Thursday, September 30, 2010

Done with Summer


Like a willful child, I am dragged kicking and screaming away from summer. Bright dewy mornings, warm, sunny days, and frog-chorus evenings seem too sweet to leave behind. Wave after wave of color has dotted the landscape as flowers, each in turn, carried out their mission of attracting bird and insect. Fall slowly creeps in and the flowers - mission complete - are brown and dying. Some have stored their summer energy below ground and will rise again in the spring. Others, too tender to survive the winter, will depend upon the seeds they’ve produced to carry on. Just as Spring is the season of awakening, Fall is the time for passing. In an endless cycle, one thing changes to another.


As a child, I missed the carefree, lazy days of summer, but welcomed the crisp, expectant days of a new school year. In the dry Montana clime, leaves turned, dried, and fell. Yards, sidewalks, and boulevards became carpeted with them and their dusty, musky, smell and swishing sound when walked through remain with me still. Raking them before the snows came became a challenge - and a game. One of my favorite things was the making of “leaf houses”. Neighborhood kids would work together, carefully raking leaves into lines, forming imaginary walls of a gigantic mansion. Breaks in the lines became doors and windows, with intricate details telling you which was which. Equally intricate rules accompanied the various games we’d play around and within these houses. Woe be the kid who didn’t enter the house properly - through the “door”!


Other times we’d each make our own house, playacting as we visited each other and showed off our various “rooms”. Well-appointed homes were complete with leaf-pile “chairs”, “sofas” and “beds”. Designing and creating one of those dream homes took up hours of after-school time and sometimes a whole weekend. There was, of course, risk involved in this activity. An ill-timed windstorm or vengeful bully might easily destroy it all in a single evening, leaving nothing but scattered piles strewn across yards. After that, raking totally became a chore.

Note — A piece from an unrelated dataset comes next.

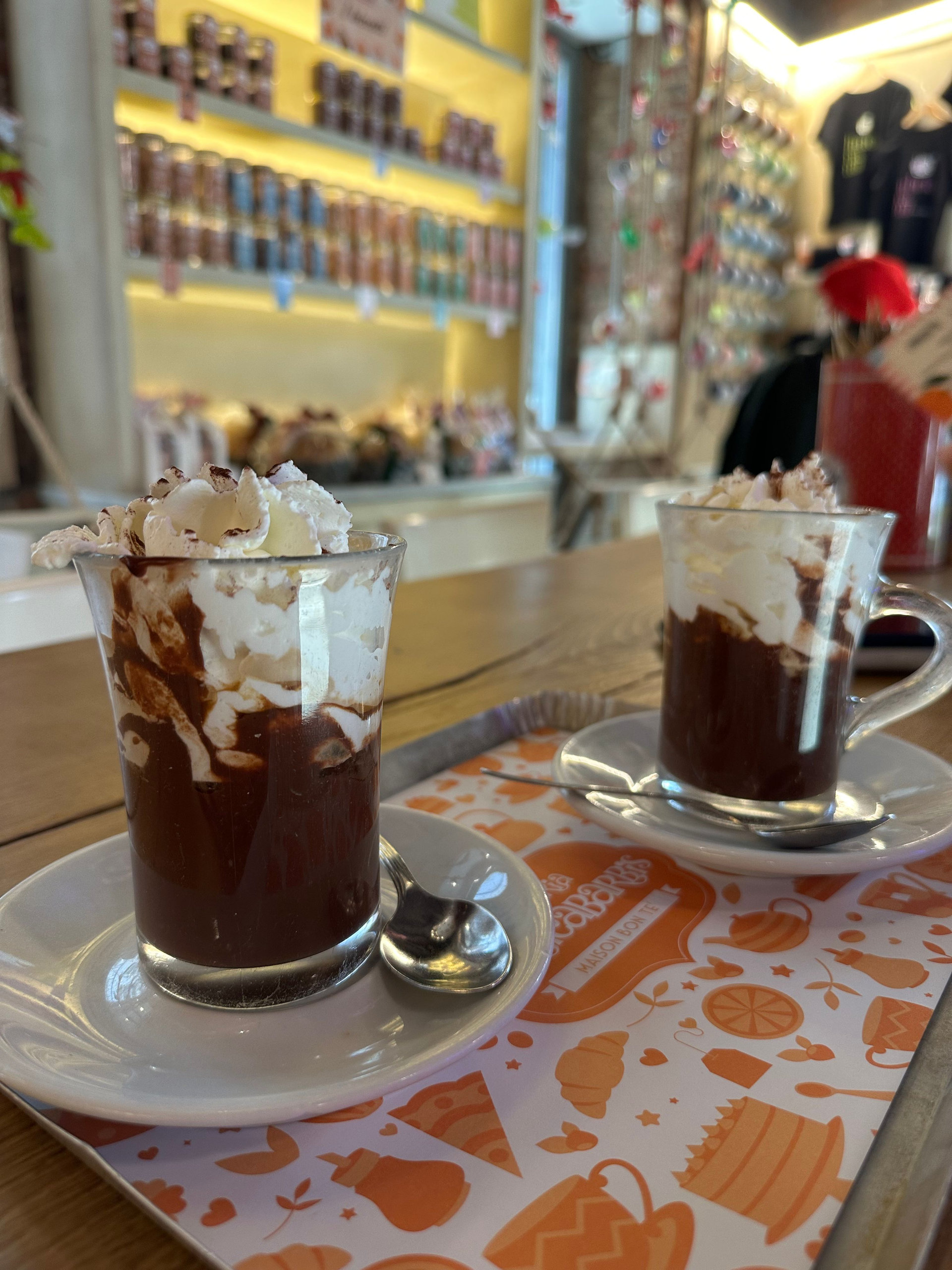 Two glasses of hot chocolate topped with whipped cream on a patterned tray at a café counter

With frenzied days of growing, producing, reproducing, and storing nearly past, there is a collective sigh and tentative easing. It’s as if the entire plant world says “ENOUGH - time to rest.” Or, perhaps - “I’m done.” We could learn something here, I think...

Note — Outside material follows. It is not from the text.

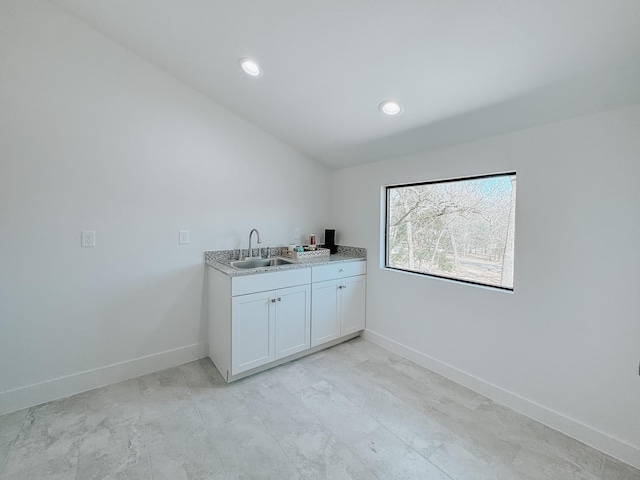 clothes washing area featuring recessed lighting, baseboards, and a sink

Sunlight in Fall has a special, crystal quality unseen in summer. It is a good time to stop, take a deep breath and a close look at the world around us and our part in it. Could be it’s a time to sit back and rest; maybe regroup and shift gears. Maybe it’s time to close a chapter on some area of our life and then open another.

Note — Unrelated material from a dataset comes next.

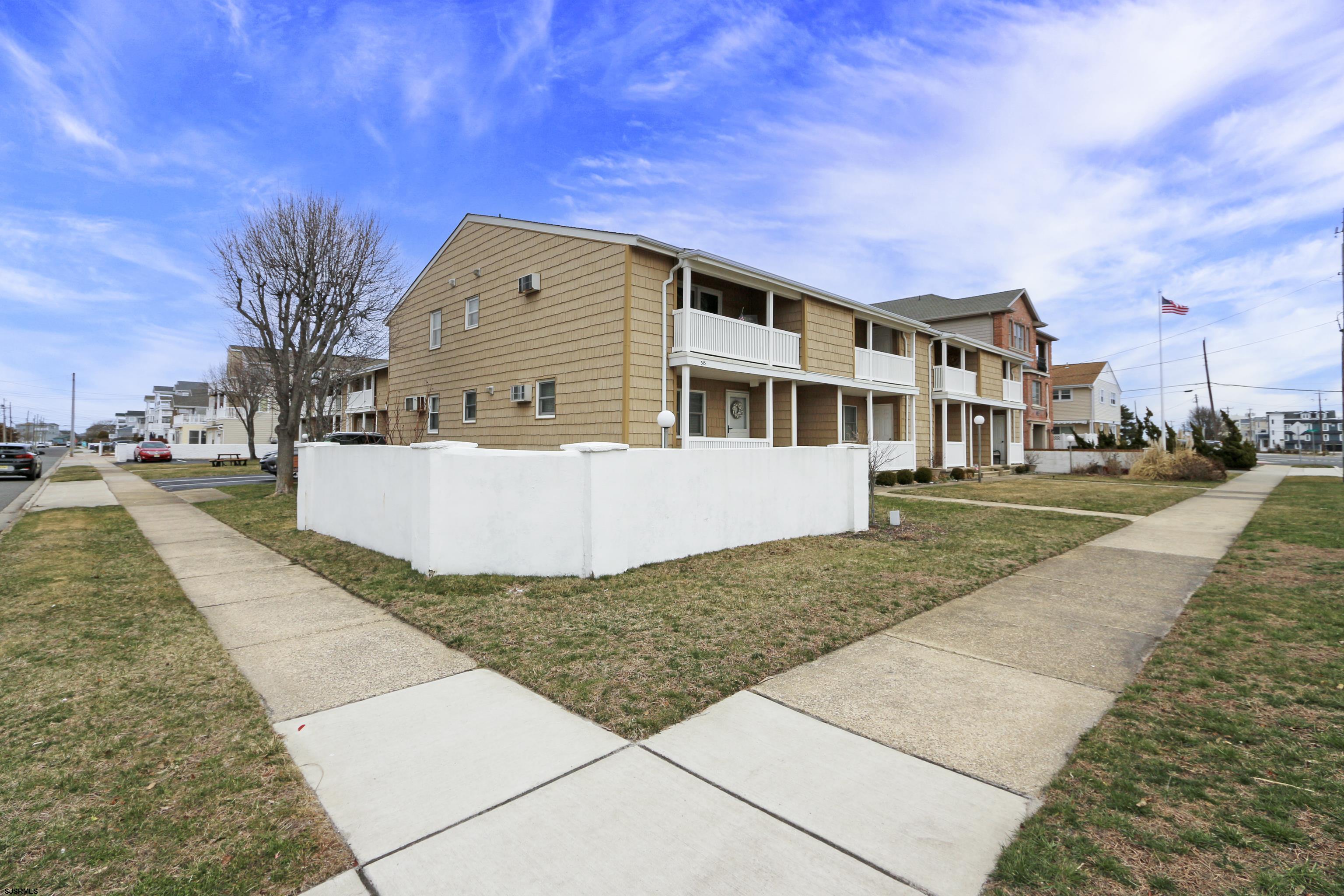 313 West Brigantine Avenue, Unit 4 Brigantine, NJ 08203 - Photo 22 of 38 a front view of a house with a yard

Bask in the waning rays and some silence, then listen to your soul. Winds and rains come, risk is everywhere, and the rules of life’s game are complicated. But there are doors that are open, a house that can’t be destroyed, and you’re always welcome.


“The grass withers and the flowers fall,
because the breath of the LORD blows on them.
Surely the people are grass.
The grass withers and the flowers fall,
but the word of our God stands forever."